(Data below begins)

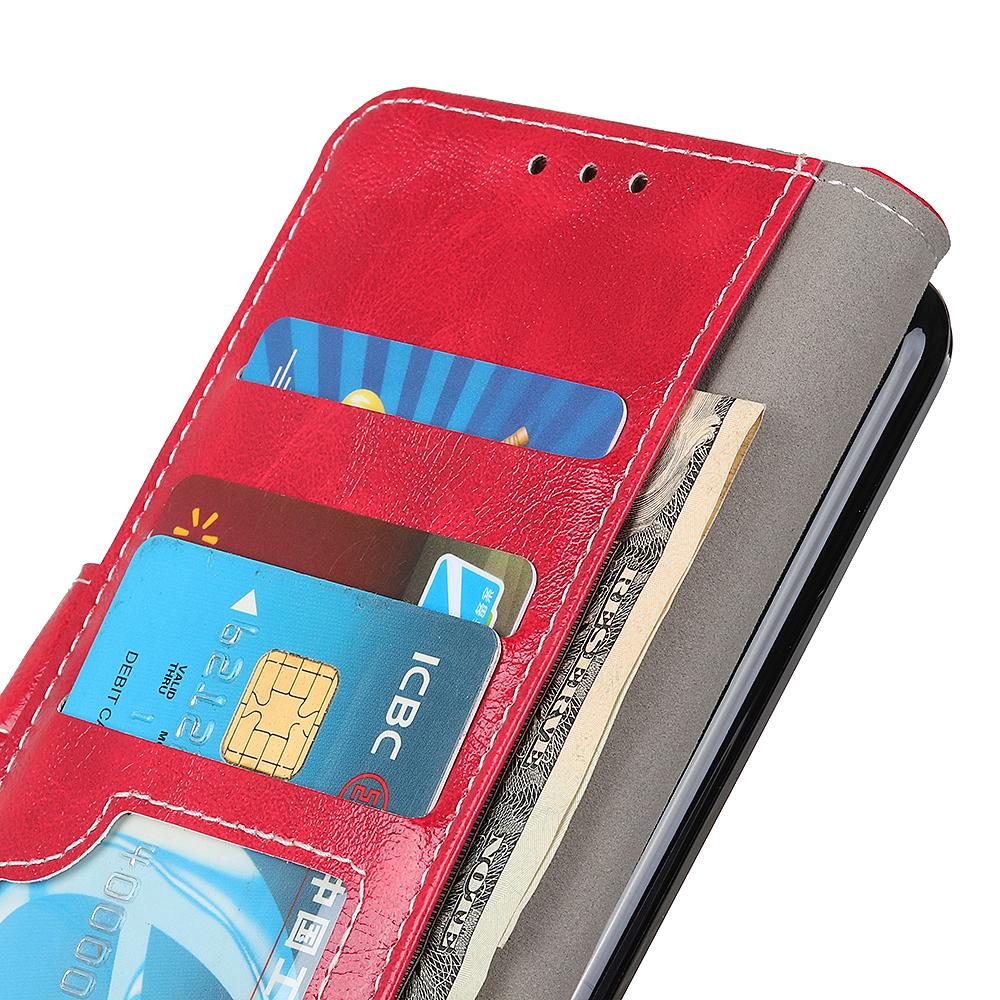 For Samsung Galaxy S25 Edge 5G Retro Crazy Horse Texture Leather Phone Case(Red)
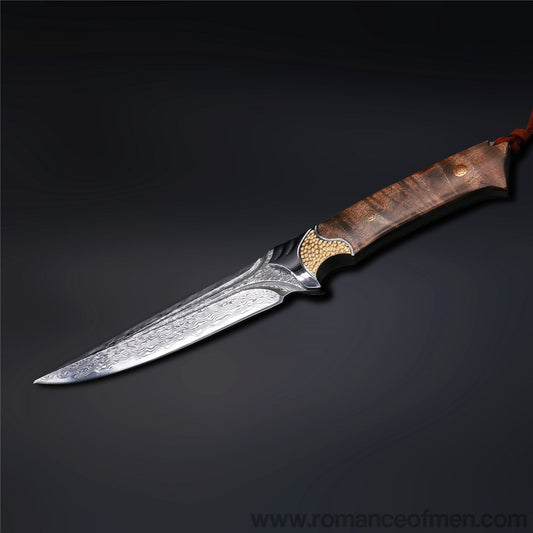 The fox damascus fixed blade knife 26CM-Romance of Men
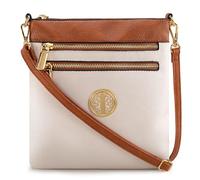 Montana West Crossbody Bags for Women Multi Pocket Cross Body Bag Purses with Adjustable Strap, Splicing Contrast Beige, 9.6 x 8.6 inches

(Data below ends)

» Problem details
Only the words belong in your copy: restate the data above exactly and leave the images out.

» Answer to the exercise
 For Samsung Galaxy S25 Edge 5G Retro Crazy Horse Texture Leather Phone Case(Red)
 The fox damascus fixed blade knife 26CM-Romance of Men
 Montana West Crossbody Bags for Women Multi Pocket Cross Body Bag Purses with Adjustable Strap, Splicing Contrast Beige, 9.6 x 8.6 inches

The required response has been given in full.